For many deaf people around the world, drawing and painting have been a passion, but photography has been more of a struggle. Since 2007, however, this has changed. Today artists with hearing loss in the UK are showing how visual communication can bring to life the world we see through a new lens.
There is a sign of Britain’s deaf culture in Ireland, known as the Signs of Ireland, which celebrates the visual heritage of the country’s 300,000 deaf and hard of hearing people, setting both visual and spoken arts against the Irish landscape. Signs of Ireland showcases both the talent deaf and hearing artists work with and the fact that these arts can be distributed widely without losing their cultural identity.
Meanwhile, in the US, where there are an estimated 39 million deaf or hard of hearing adults, there is a project called Hear the Sun which aims to connect people with deaf artists by creating visual language that aims to capture the sun’s changing colour every hour.

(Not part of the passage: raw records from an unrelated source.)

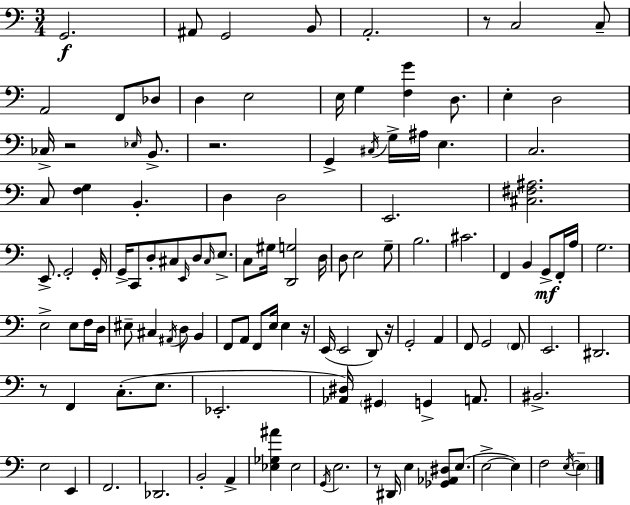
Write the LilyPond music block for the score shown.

{
  \clef bass
  \numericTimeSignature
  \time 3/4
  \key a \minor
  g,2.\f | ais,8 g,2 b,8 | a,2.-. | r8 c2 c8-- | \break a,2 f,8 des8 | d4 e2 | e16 g4 <f g'>4 d8. | e4-. d2 | \break ces16-> r2 \grace { ees16 } b,8.-> | r2. | g,4-> \acciaccatura { cis16 } g16-> ais16 e4. | c2. | \break c8 <f g>4 b,4.-. | d4 d2 | e,2. | <cis fis ais>2. | \break e,8.-> g,2-. | g,16-. g,16-> c,8 d8-. cis8 \grace { e,16 } d8 | \grace { cis16 } e8.-> c8 gis16 <d, g>2 | d16 d8 e2 | \break g8-- b2. | cis'2. | f,4 b,4 | g,8->\mf f,16-. a16 g2. | \break e2-> | e8 f16 d16 eis8-- cis4 \acciaccatura { ais,16 } d8 | b,4 f,8 a,8 f,8 e16 | e4 r16 e,16( e,2 | \break d,8) r16 g,2-. | a,4 f,8 g,2 | \parenthesize f,8 e,2. | dis,2. | \break r8 f,4 c8.-.( | e8. ees,2.-. | <aes, dis>16) \parenthesize gis,4 g,4-> | a,8. bis,2.-> | \break e2 | e,4 f,2. | des,2. | b,2-. | \break a,4-> <ees ges ais'>4 ees2 | \acciaccatura { g,16 } e2. | r8 dis,16 e4 | <ges, aes, dis>8 e8.( e2->~~ | \break e4) f2 | \acciaccatura { e16~ }~ \parenthesize e4-- \bar "|."
}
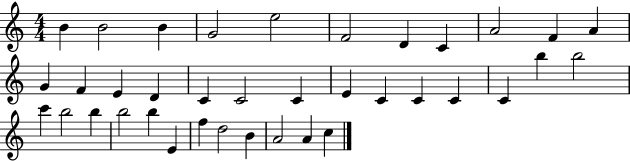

Dr Jo Lyons, of the University of Bristol, is one of those involved in Hear the Sun. She says: “With the help of my group of artists and the work of the global artists working for Hear the Sun, we have been able to trace the sun’s frequency over a single hour, and then to scale that down to reveal the change in colour from one hour to the next.
“By doing this, we have been able to tie visual communication to a real world experience.”
Words
Experimental performance artist Maya ‘B’ Abramisem (dear friend of Jonathan) who uses sign language and public exhibition to communicate as a visual storyteller.
Noel Bienvenu, of Letterkenny, Co Donegal, who leads visual art in Ireland, says this “pioneering” Irish project “unfortunately happens less often than it should”.
Tei Yohai Quartelord, from Tokyo, uses his German Sign Language as a language to visualise words. Although he tries to communicate images via slow and deliberate glance movements of his eyes, he says he uses body gestures and words so the audience can witness the event.